In den Bethel-Einrichtungen wohnen und arbeiten gesunde und kranke Menschen zusammen. Wie lebte es sich früher dort?

Wie sich der Alltag von Menschen mit Behinderungen zwischen 1924 und 1949 in den Bethel-Einrichtungen gestaltete, beleuchtet ein neues Projekt an der Ruhr-Universität Bochum. Die Deutsche Forschungsgemeinschaft fördert das Vorhaben am Lehrstuhl für Christliche Gesellschaftslehre unter Leitung von Prof. Dr. Traugott Jähnichen mit 330.000 Euro für drei Jahre. Ab September 2017 wird Dr. Uwe Kaminsky, wissenschaftlicher Mitarbeiter an der Ruhr-Universität, überlieferte Akten auswerten.

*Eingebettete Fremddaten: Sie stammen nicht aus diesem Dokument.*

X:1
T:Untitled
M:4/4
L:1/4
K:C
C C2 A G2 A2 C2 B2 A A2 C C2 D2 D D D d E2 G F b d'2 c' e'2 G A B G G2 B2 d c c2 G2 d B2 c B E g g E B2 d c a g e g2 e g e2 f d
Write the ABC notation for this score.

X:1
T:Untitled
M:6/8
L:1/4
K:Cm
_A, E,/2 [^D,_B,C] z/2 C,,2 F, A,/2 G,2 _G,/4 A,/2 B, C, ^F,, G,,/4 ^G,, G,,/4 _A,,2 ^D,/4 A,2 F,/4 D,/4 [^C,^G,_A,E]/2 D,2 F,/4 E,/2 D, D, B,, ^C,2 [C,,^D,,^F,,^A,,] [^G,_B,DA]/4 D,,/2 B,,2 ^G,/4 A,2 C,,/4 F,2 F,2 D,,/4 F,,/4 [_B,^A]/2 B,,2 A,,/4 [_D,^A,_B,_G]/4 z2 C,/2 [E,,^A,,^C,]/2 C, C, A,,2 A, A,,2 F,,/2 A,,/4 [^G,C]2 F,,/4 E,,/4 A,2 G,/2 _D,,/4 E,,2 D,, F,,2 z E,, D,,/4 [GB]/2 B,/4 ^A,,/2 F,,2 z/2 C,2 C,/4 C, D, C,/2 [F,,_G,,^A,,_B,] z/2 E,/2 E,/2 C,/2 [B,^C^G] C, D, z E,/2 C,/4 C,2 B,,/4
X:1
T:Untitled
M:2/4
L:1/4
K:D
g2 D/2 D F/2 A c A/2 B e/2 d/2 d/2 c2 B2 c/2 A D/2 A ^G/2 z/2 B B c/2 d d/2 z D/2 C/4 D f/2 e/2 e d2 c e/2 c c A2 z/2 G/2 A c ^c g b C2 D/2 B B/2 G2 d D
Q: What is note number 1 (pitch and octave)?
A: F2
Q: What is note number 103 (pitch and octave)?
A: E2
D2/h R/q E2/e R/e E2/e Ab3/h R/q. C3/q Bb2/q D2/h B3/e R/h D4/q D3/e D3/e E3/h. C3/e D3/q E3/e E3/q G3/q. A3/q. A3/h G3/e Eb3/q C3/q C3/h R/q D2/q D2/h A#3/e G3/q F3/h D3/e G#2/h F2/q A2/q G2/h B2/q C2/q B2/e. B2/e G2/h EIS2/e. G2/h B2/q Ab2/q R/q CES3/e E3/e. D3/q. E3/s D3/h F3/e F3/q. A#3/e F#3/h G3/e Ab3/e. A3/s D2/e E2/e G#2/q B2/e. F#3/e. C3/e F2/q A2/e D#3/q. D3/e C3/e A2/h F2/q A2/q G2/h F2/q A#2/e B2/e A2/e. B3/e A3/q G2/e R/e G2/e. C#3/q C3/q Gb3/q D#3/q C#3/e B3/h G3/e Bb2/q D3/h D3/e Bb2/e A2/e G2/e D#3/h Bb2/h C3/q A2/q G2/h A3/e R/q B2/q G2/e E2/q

Bethel – hebräisch für „Haus Gottes“ – wurde 1867 als Einrichtung für epilepsiekranke Kinder und Jugendliche gegründet. Später übernahm Pastor Friedrich von Bodelschwingh die Leitung und baute das Hilfsangebot aus. Die Von-Bodelschwinghschen-Stiftungen Bethel sind heute eine der größten diakonischen Einrichtungen Europas.

In dem neuen Forschungsprojekt geht es vor allem um den damaligen Lebensalltag von Menschen mit Behinderungen in den Bereichen Epilepsie, Behindertenhilfe und Psychiatrie. „Wir wollen die Alltagsgeschichte möglichst umfassend aufarbeiten“, erzählt Uwe Kaminsky.

Patientenakten auswerten

Als Quelle dient ein repräsentativer Querschnitt von mehr als 2.000 Patientenakten sowie zusätzliche Sachakten, die der Forscher im Hauptarchiv Bethel und in weiteren Archiven untersuchen wird – sowohl qualitativ als auch quantitativ. Studierende werden ihn dabei unterstützen, die Daten zu erheben und auszuwerten. Dabei geht es um Fragen der Pflege, der medizinischen Versorgung oder der Bedeutung von Arbeit in der Einrichtung.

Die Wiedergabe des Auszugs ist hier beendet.